Selain Suyadi, turut dipanggil Matnuril (Kabid Perencanaan dan Pemanfaatan Hutan Dinas LHK Riau), Embiyarman (Plt. Kadis LHK Riau), dan pihak swasta Iwan Pansa. Namun, KPK belum membeberkan materi pemeriksaan para saksi tersebut.
Pemanggilan ini dilakukan setelah KPK menetapkan tiga tersangka pada 5 November 2025 lalu, yakni Gubernur Riau Abdul Wahid, Kepala Dinas PUPR-PKPP Muhammad Arief Setiawan, dan Tenaga Ahli Gubernur Dani M Nursalam. Ketiganya telah ditahan sejak 4–23 November 2025 di Rutan Merah Putih dan C1.
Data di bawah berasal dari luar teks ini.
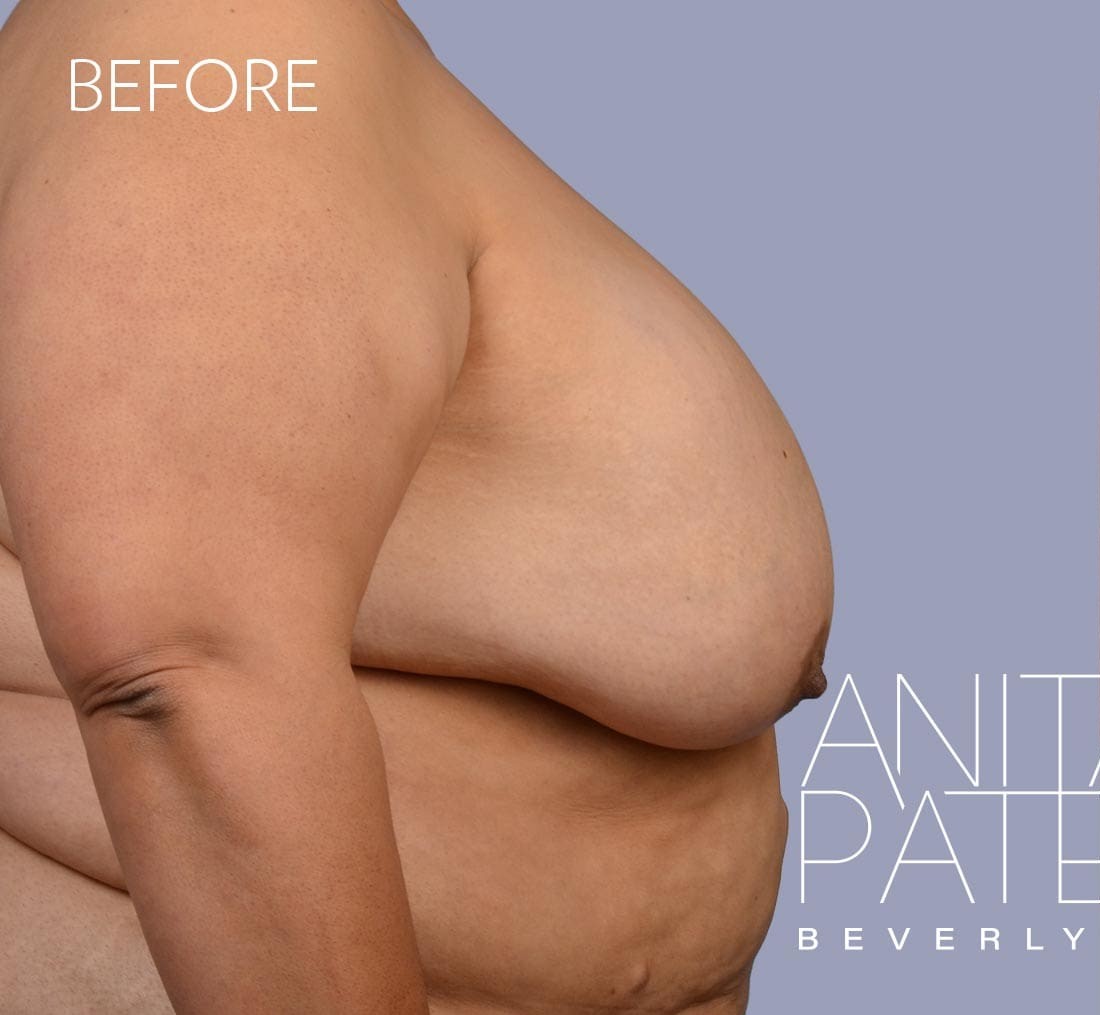 Breast Implant Removal before and after - before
Wakil Ketua KPK Johanis Tanak mengungkapkan skema pemerasan itu menggunakan modus “jatah preman” dari Kepala UPT Dinas PUPR-PKPP. Besarannya cukup besar, yang menurut Johanis, total penyerahan pada Juni–November 2025 mencapai Rp 4,05 miliar dari kesepakatan awal sebesar Rp 7 miliar.
Dalam konstruksi hukum, para tersangka disangkakan melanggar Pasal 12e, 12f, dan/atau 12B UU Tipikor sebagaimana diubah UU No.20/2001 jo. Pasal 55 ayat (1) ke-1 KUHP. Dengan pemanggilan saksi baru, KPK kini menelusuri lebih jauh aliran uang, peran setiap pihak, serta dugaan keterlibatan pejabat lain. Kasus yang bermula dari setoran miliaran rupiah ini diprediksi akan membuka babak baru pengungkapan korupsi besar di Riau.